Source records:
____________________

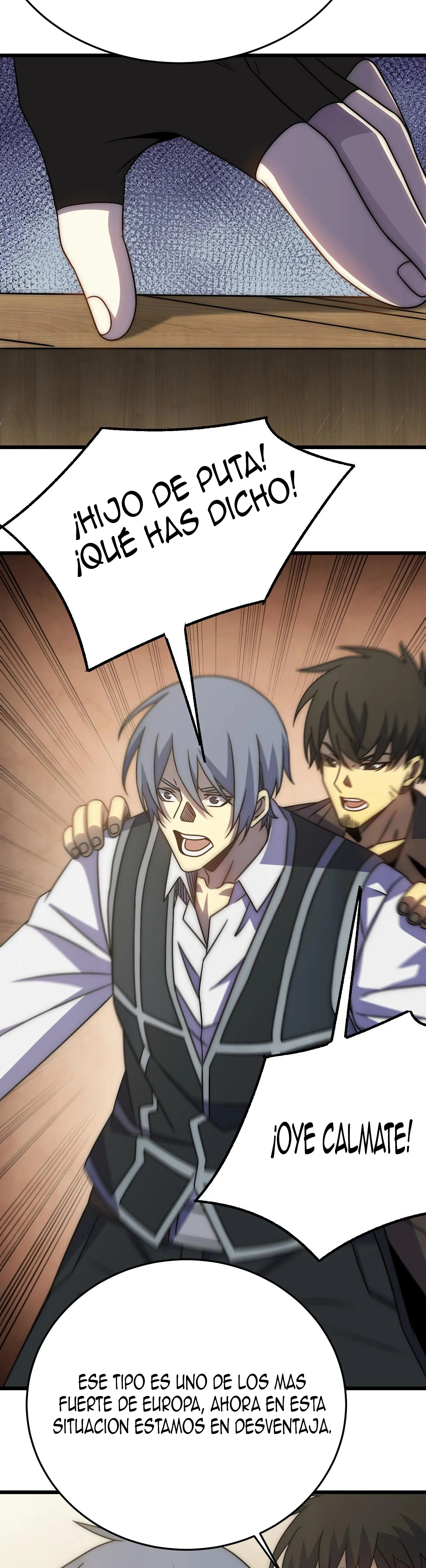 Read Apocalyptic Thief ES Manga Online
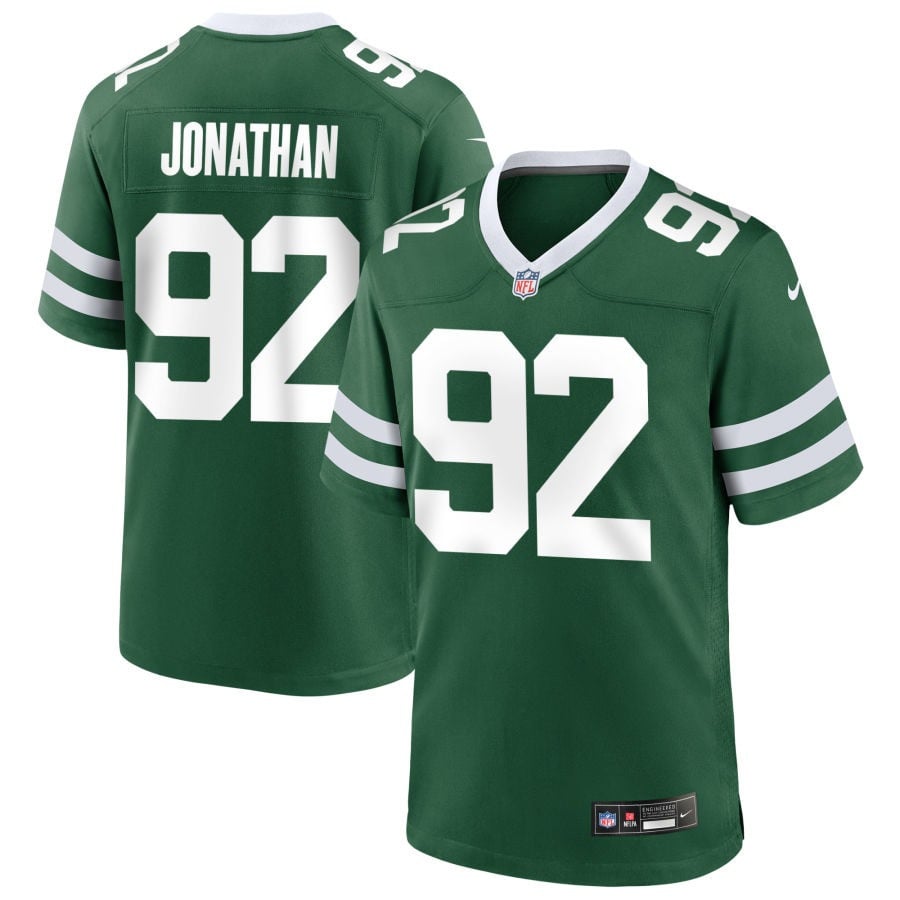 Kingsley Jonathan New York Jets 2025 Game Jersey - Legacy Green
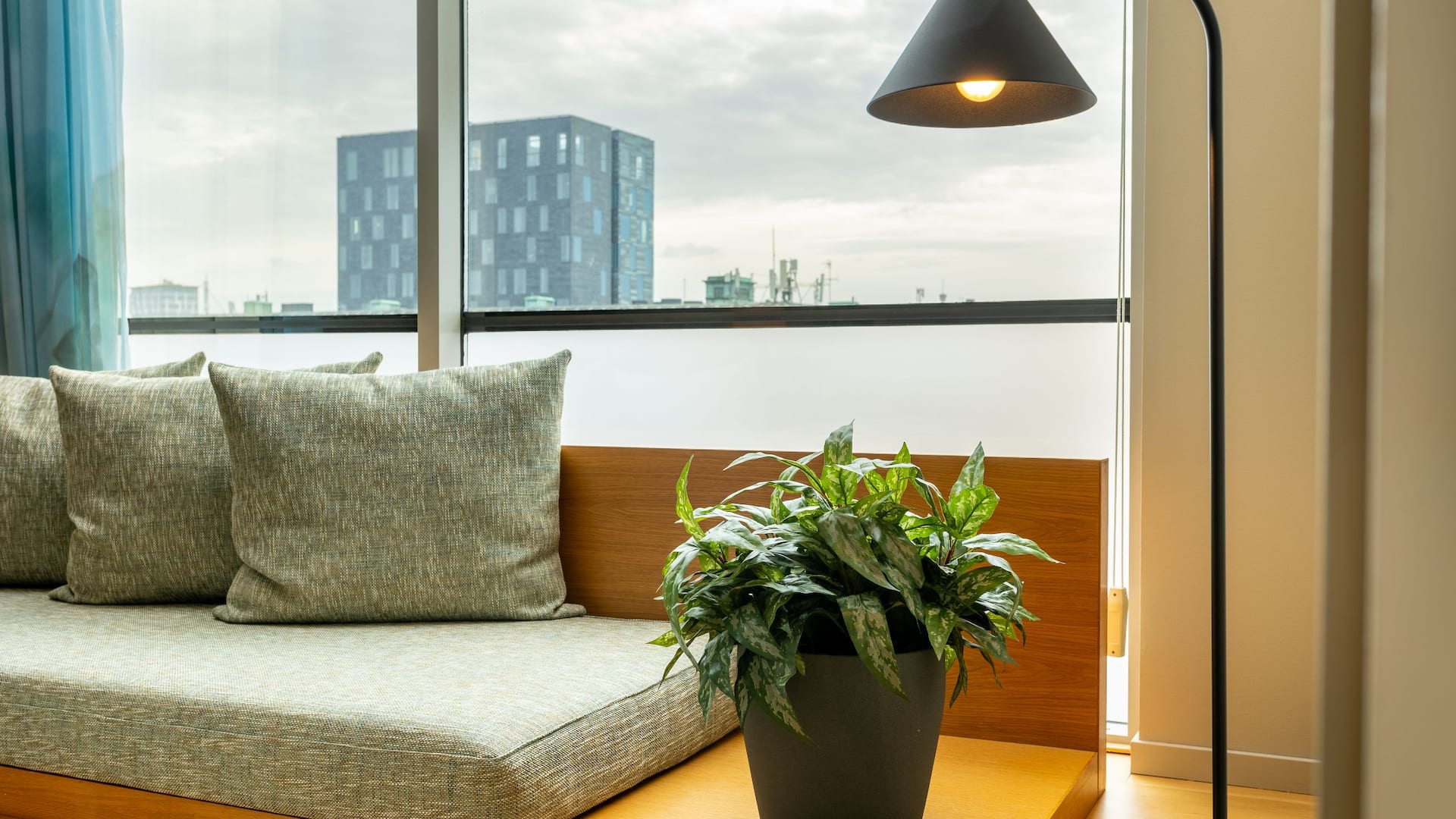 Hotel G Gothenburg King Bed Executive Suite With Sofabed View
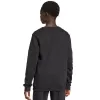 Kinder Sweatshirt adidas Entrada 26 Sweat Top zwart JZ6554 116cm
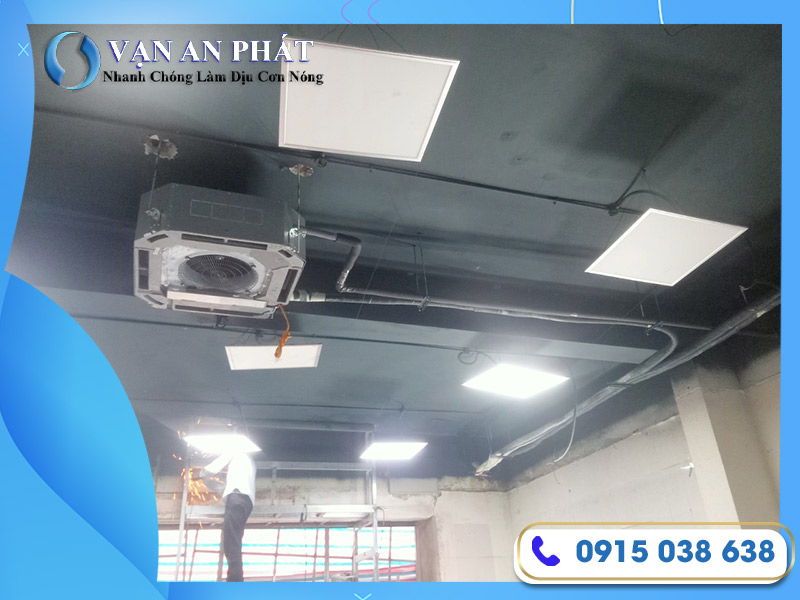 quy trình thi công hệ thống máy lạnh VRV Daikin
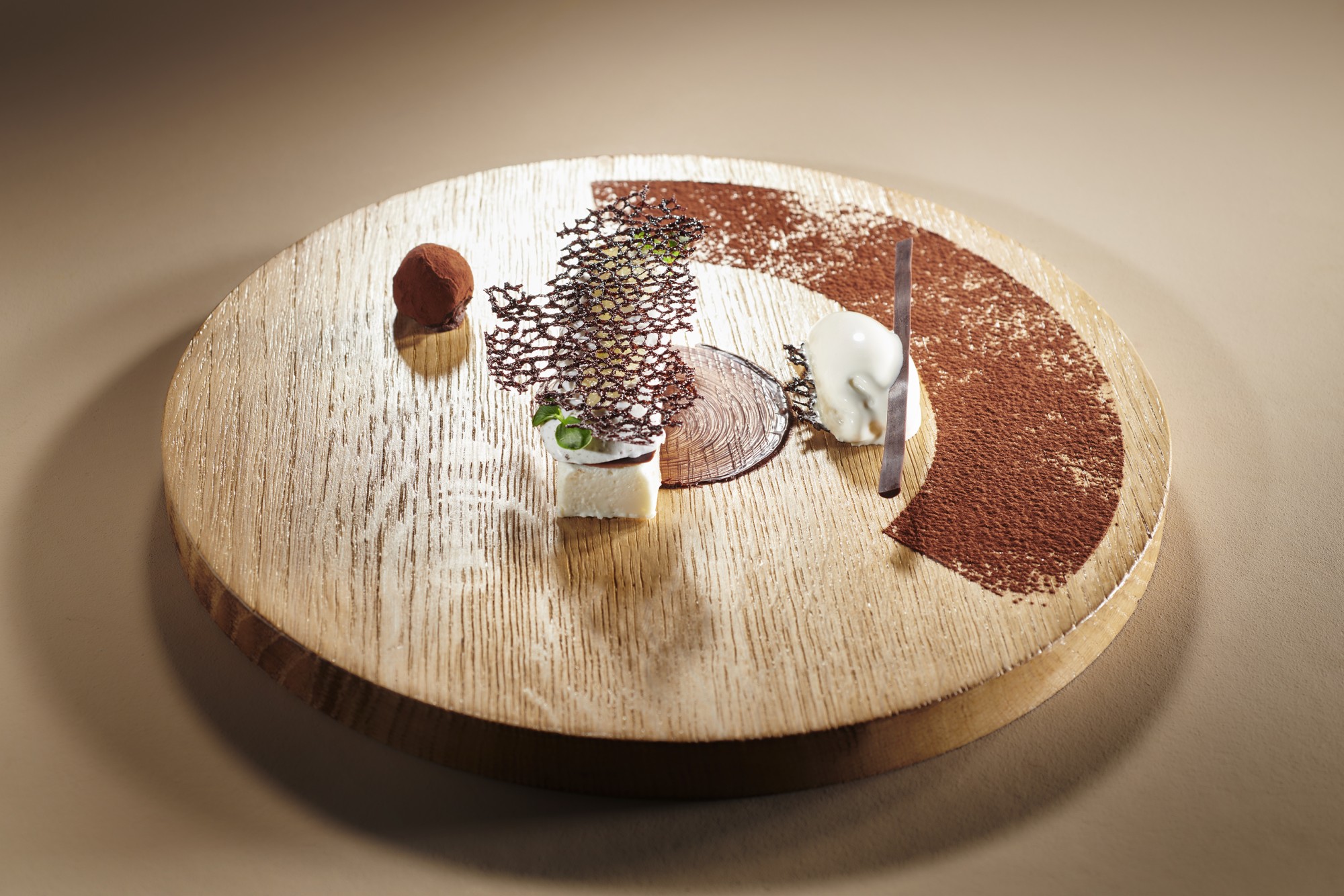Dessert de Léa Missud photographié par Julien Bouvier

____________________

## [Work task]
Please transcribe exactly the lines from the one that contains "quy trình thi" through the closing line of the entries, with no pictures.

## [Solution to the problem]
 quy trình thi công hệ thống máy lạnh VRV Daikin
Dessert de Léa Missud photographié par Julien Bouvier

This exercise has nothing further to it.